One of the biggest criticisms of New Age spirituality is its ‘commercial nature’. Taves and Kinsella identify shopping / the spiritual market place as one of four major characterizations attributed to New Age in scholarly literature (84-85). As far as looking to define the essence of New Age, I don’t think this judgement holds in regards at all to tangible goods. Every ‘World Religion’ has revenue raising products such as books, CDs, and decorative items that increase the wealth of companies or individuals. The main target of the criticism toward New Age greediness centers around services and education. Some may take donations for providing services (such as readings and healings), but you are more likely to find a determined price list. Similarly, knowledge is passed through paid classes and programs.
The criticism gets the most traction with the assumption that the motivation behind all this is money. In my experience, the prices simply allow New Age service providers to live (and not particularly lavishly). Whatever faith you follow, money is necessary in our world. People cannot teach or nurture others if they cannot support themselves in the most basic ways. When that support moves well above and beyond basic, that is another story. Determining what constitutes as ‘basic’ would be difficult considering people of different backgrounds, especially those from developing nations compared to those from the developed world.
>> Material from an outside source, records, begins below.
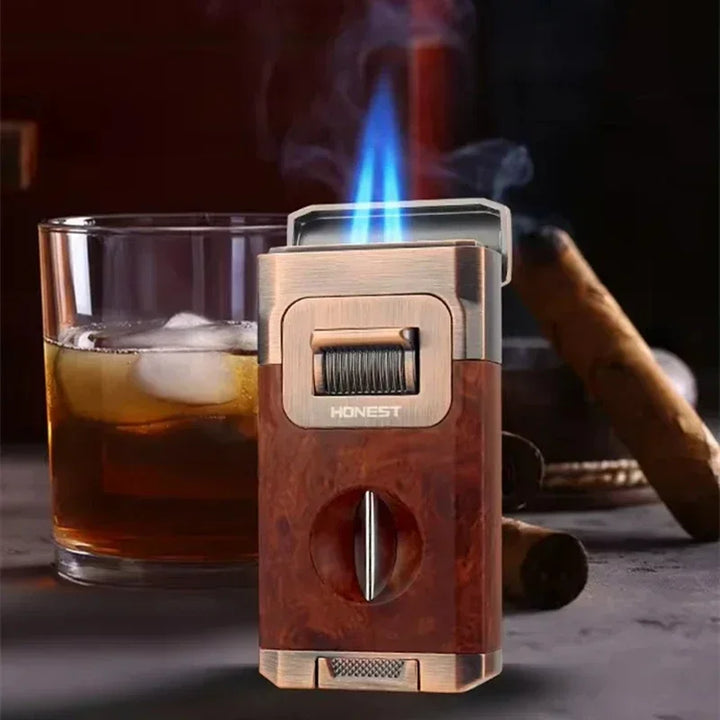 Metal Double Jet Flame Wind Proof Butane Lighter | Stornfield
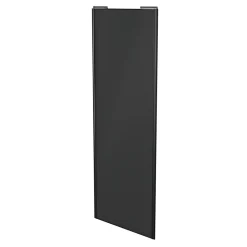 Porte de placard coulissante anthracite profil noir GoodHome Arius H. 248,5 x L. 92.2 cm + amortisseurs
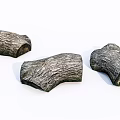 Natural Stone And Wood Pieces With Rustic Texture For Decorative Use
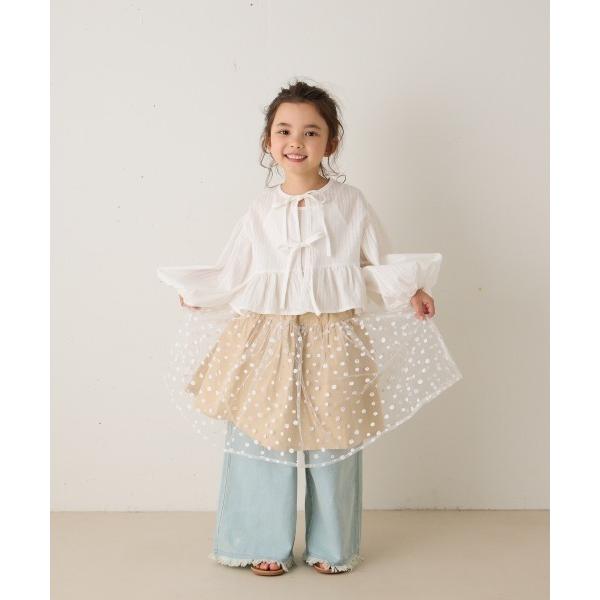 スカート 花柄チュール切り替えスカート キッズ 子供服 女の子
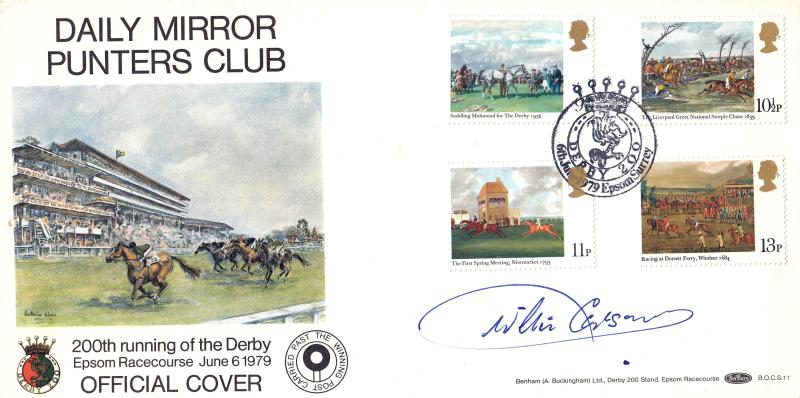 1979 (06) Horses - Benham Daily Mirror Punters Club BOCS 11 Official - Signed Willie Carson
From a consumerist point of view, there is nothing bad about spending money on such products if what they receive in return is ‘worth it’. Similarly, those in New Age that find energies significant, find monetary exchange as a way of creating balance. They believe that to receive something you must give something. In this lofty ideology, ‘mundane’ money can work as part of that exchange. It is simply give and take, action and reaction.
A benefit of this system, is that there is little question where funds are coming from. The ‘consumer pays’ method is relatively transparent. In other faiths, the wealthier members typically contribute more to compensate and carry members with lower incomes. There is nothing wrong with this method. I find it admirable. But it is important to remember there is no such thing as a free lunch. And with New Age’s monetary flow, it’s easier to know where money is coming from. Scholarships are sometimes made available for New Age events and workshops, but the contributors are usually identified. Not so much for the sake of ego as transparency.
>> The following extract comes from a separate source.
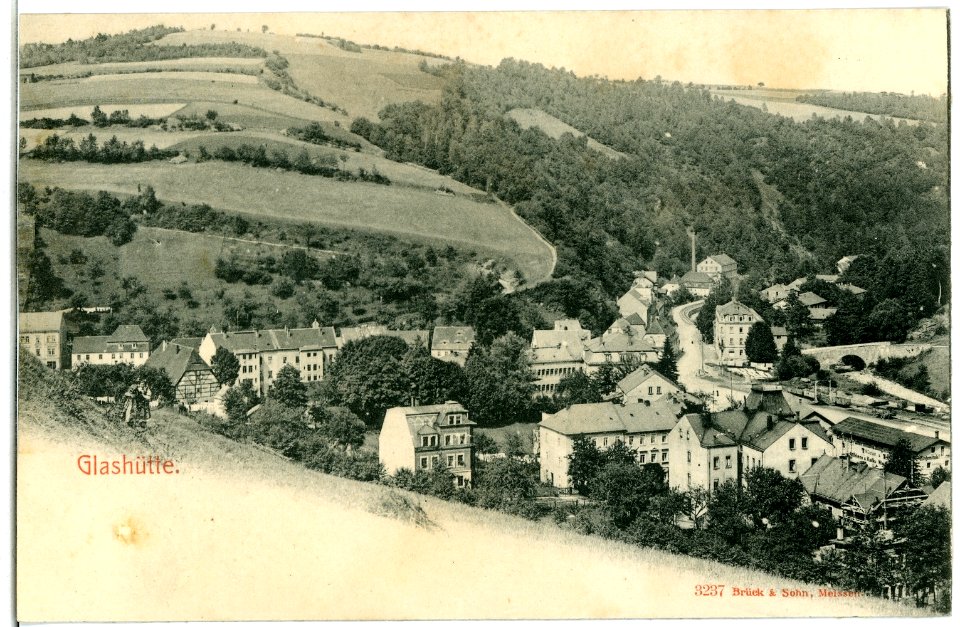 03237-Glashütte-1903-Blick auf Glashütte-Brück & Sohn Kunstverlag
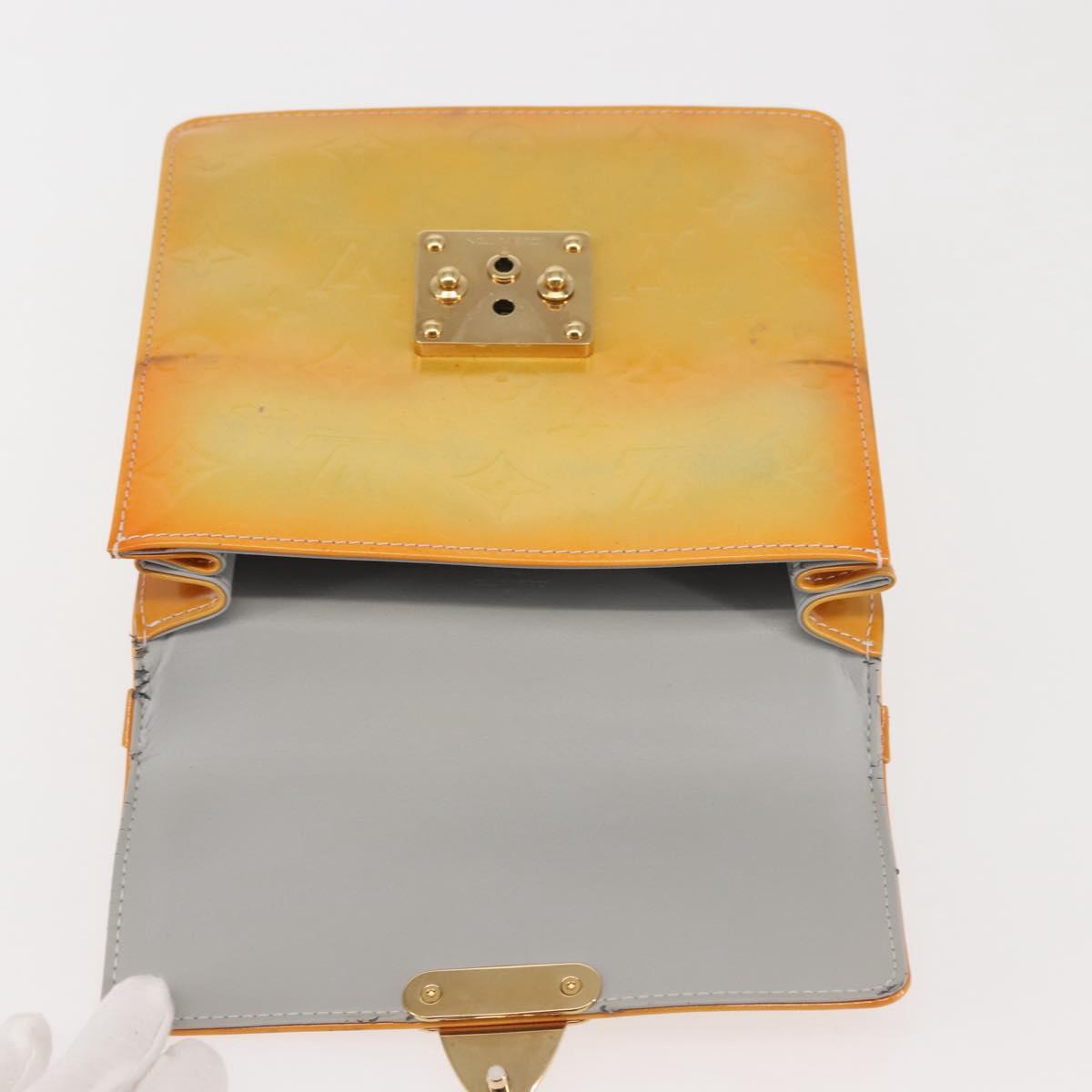 LOUIS VUITTON Monogram Vernis Spring Street Hand Bag Gris M91029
In the discussion of New Age commercialism, it is important to remember that there is no overarching doctrine dictating that followers must spend money in prescribed ways. There are admittedly more subtle pressures from followers and leaders alike, but the choice is ultimately the seeker’s. It is possible to be an active member in the New Age community with little cost. People can study and move along on their journeys independently. The decision where to allocate funds is left to followers, they have total control, they have the choice.
Perhaps in this way New Age is consumeristic in the way members are given a plethora of choices. But the greed often attributed to New Age is ill-placed. As a whole, service providers in the sector of alternative spiritualities are not looking to swindle followers out of their money. They are looking to make a fair exchange. Sellers in the New Age market place are looking to provide something of spiritual value to those seekers that feel called to experience.
Taves, Ann & Michael Kinsella. 2013. “Hiding in Plain Sight: The organizational forms of ‘unorganized religion’”, in New Age Spirituality Rethinking Religion. Acumen Publishing Limited.